*Task item*.
Write out the listing from the line with "BMW 5シリーズ 523i" to the line with "DiamondHead Beach Resort", both lines included, exactly and nothing beyond. Leave pictures out.

*Data listing*.
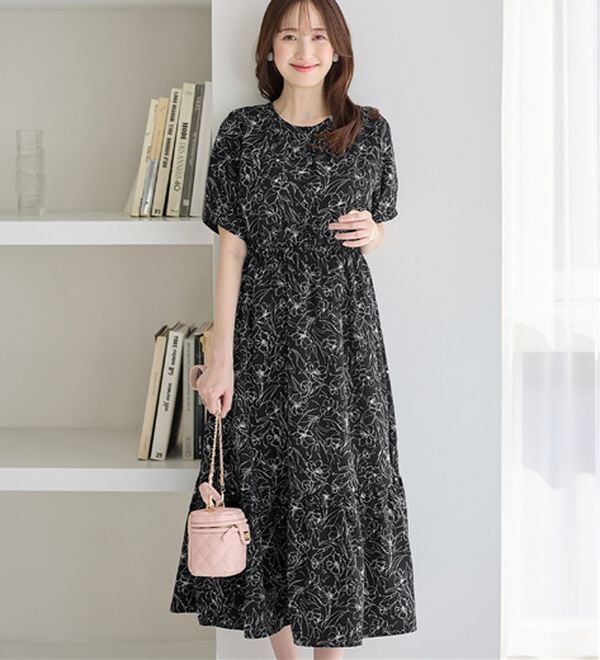 alotta（アロッタ）の「線画タッチ花柄ギャザー切替ワンピース（プリントワンピース）」｜ブラック系花柄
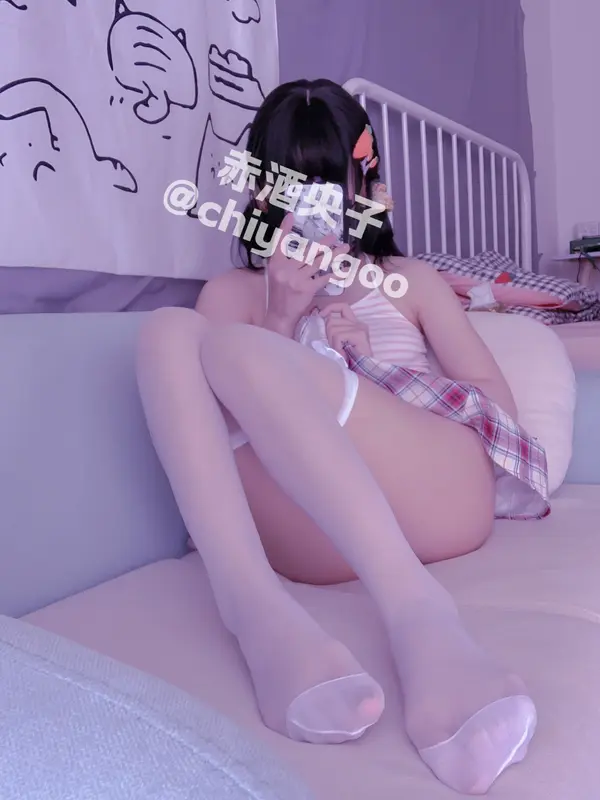 赤酒姬 NO.06 可爱白色丝袜 – 055.webp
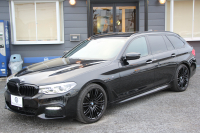 BMW 5シリーズ 523i ﾂｰﾘﾝｸﾞﾌﾞﾗｯｸｱｳﾄ 特別仕様車 HUD ﾊｰﾏﾝｶｰﾄﾞﾝ 追従ACC ｽﾃｱﾘﾝｸﾞｻﾎﾟｰﾄ LEDﾍｯﾄﾞﾗｲﾄ ｵｰﾄﾊｲﾋﾞｰﾑ ﾀｯﾁ画面HDDﾅﾋﾞTV 360度ﾊﾟﾉﾗﾏｶﾒﾗ Pｱｼｽﾄﾌﾟﾗｽ 電動ﾄﾗﾝｸ ﾌﾞﾗｯｸ19AW 液晶ﾒｰﾀｰ ｽﾏｰﾄｷｰ 2年保証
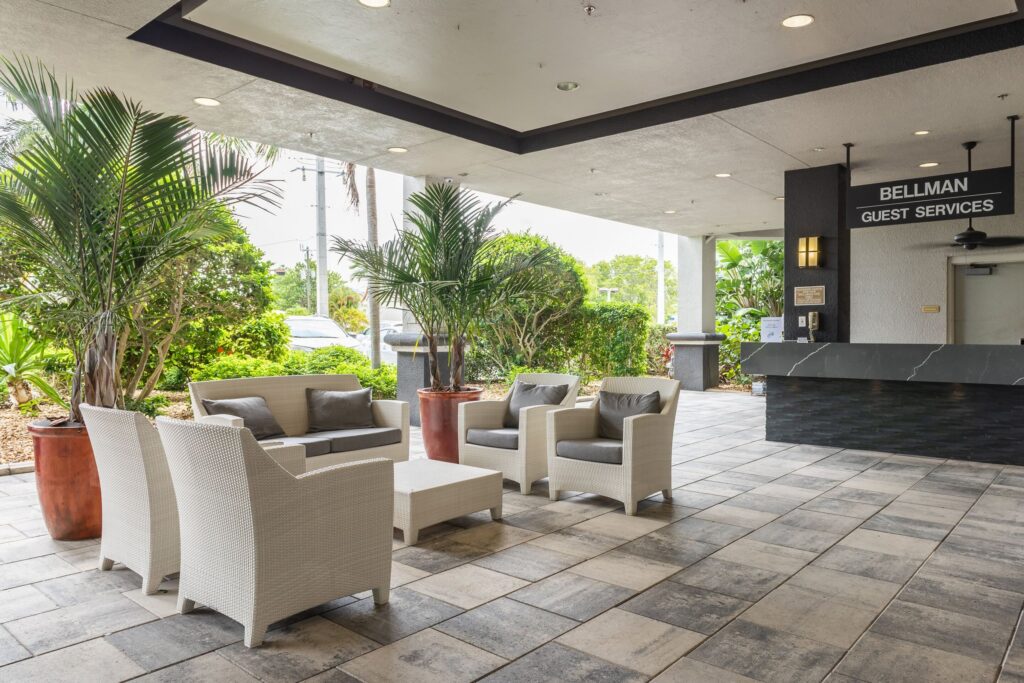 DiamondHead Beach Resort lobby and common area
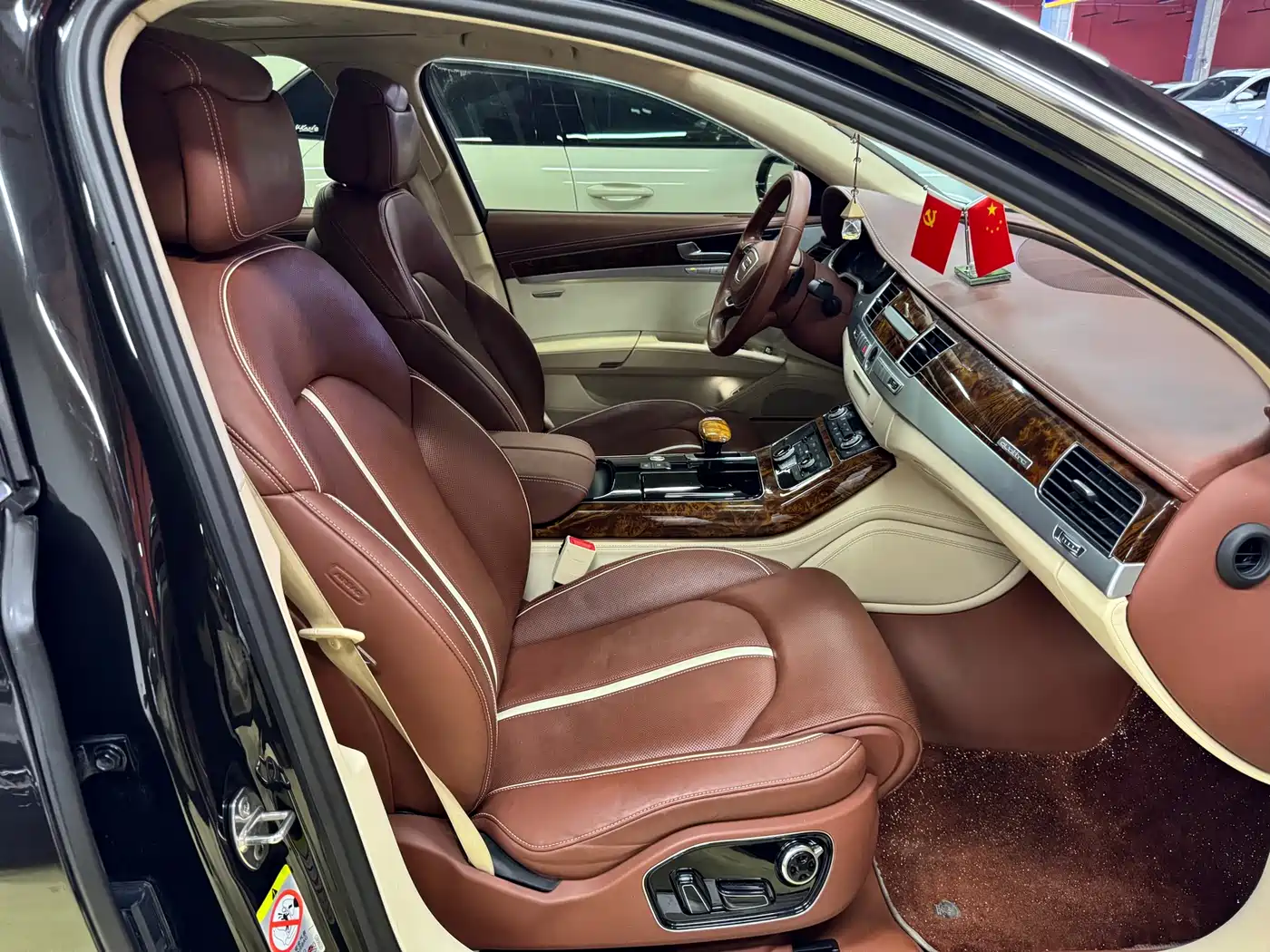Audi A8 2013 A8L 45 TFSI quattro Exclusive фото 48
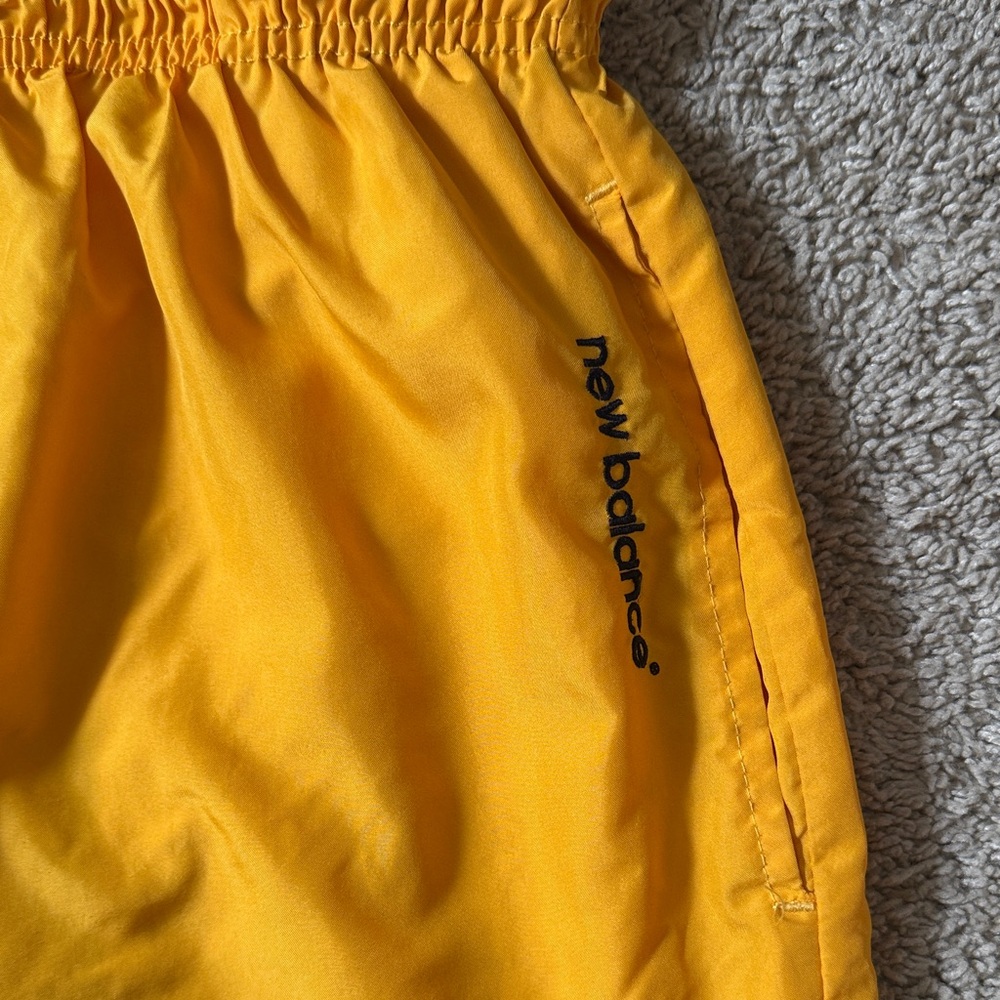 Vintage New Balance Shorts - Picture 4 of 8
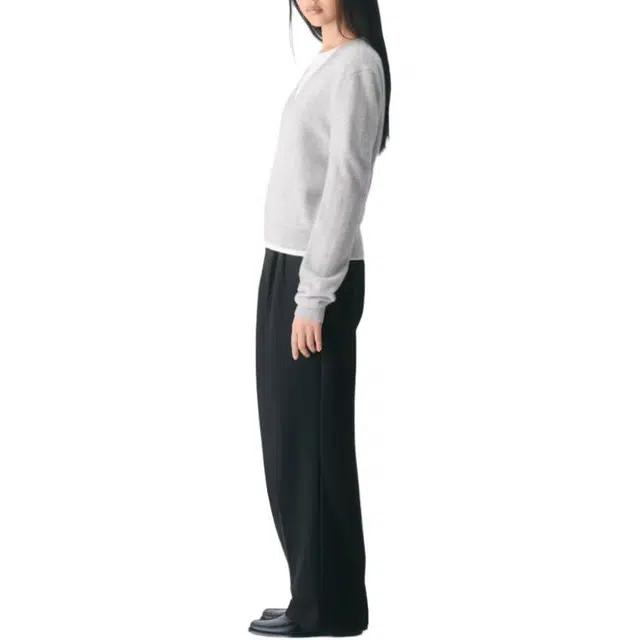 ARITZIA FW25 Bare Cashmere V-neck Sweater V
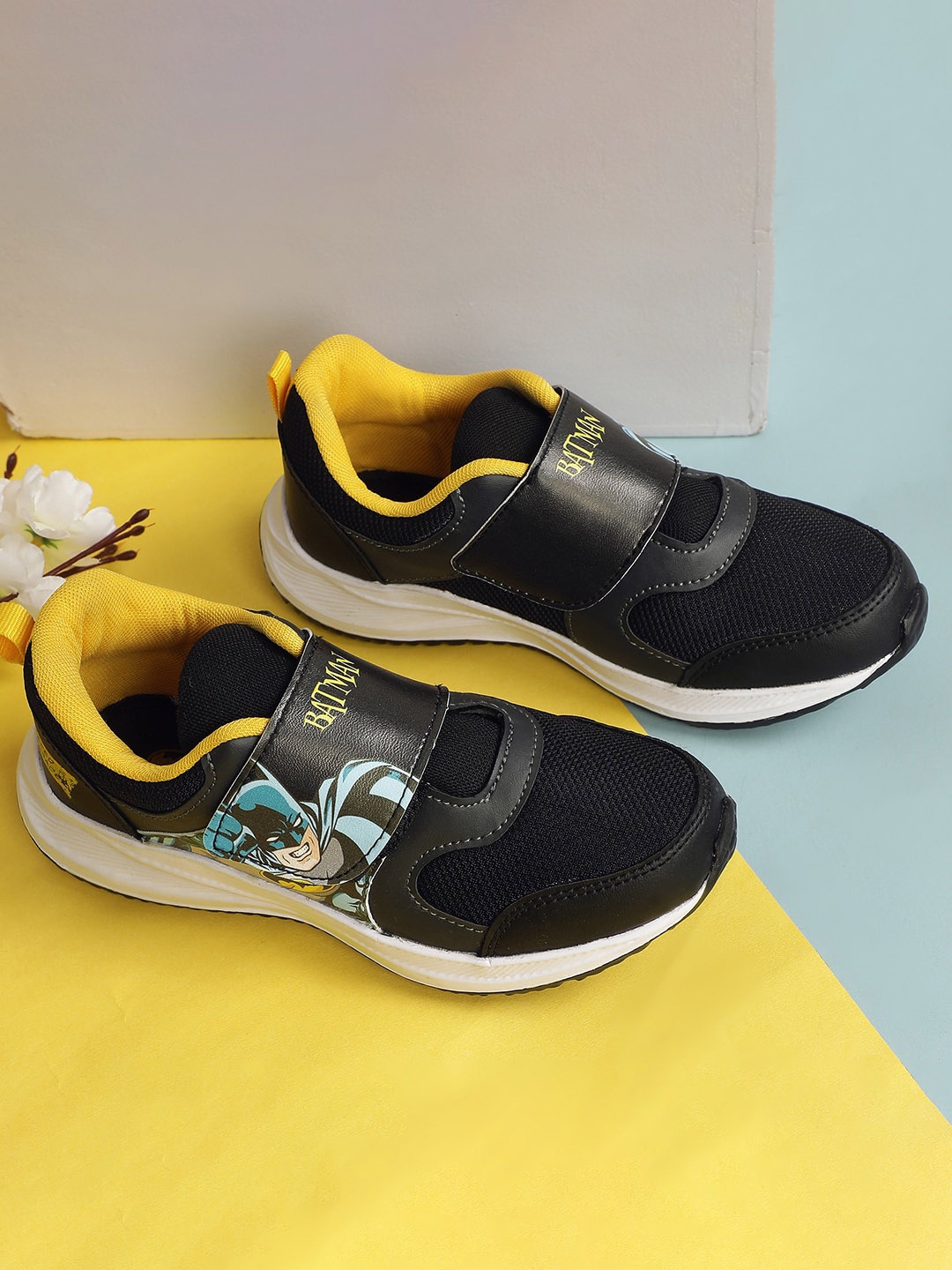

Kids Ville Boys Batman Printed Sneakers, Black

*Answer area*.
 BMW 5シリーズ 523i ﾂｰﾘﾝｸﾞﾌﾞﾗｯｸｱｳﾄ 特別仕様車 HUD ﾊｰﾏﾝｶｰﾄﾞﾝ 追従ACC ｽﾃｱﾘﾝｸﾞｻﾎﾟｰﾄ LEDﾍｯﾄﾞﾗｲﾄ ｵｰﾄﾊｲﾋﾞｰﾑ ﾀｯﾁ画面HDDﾅﾋﾞTV 360度ﾊﾟﾉﾗﾏｶﾒﾗ Pｱｼｽﾄﾌﾟﾗｽ 電動ﾄﾗﾝｸ ﾌﾞﾗｯｸ19AW 液晶ﾒｰﾀｰ ｽﾏｰﾄｷｰ 2年保証
 DiamondHead Beach Resort lobby and common area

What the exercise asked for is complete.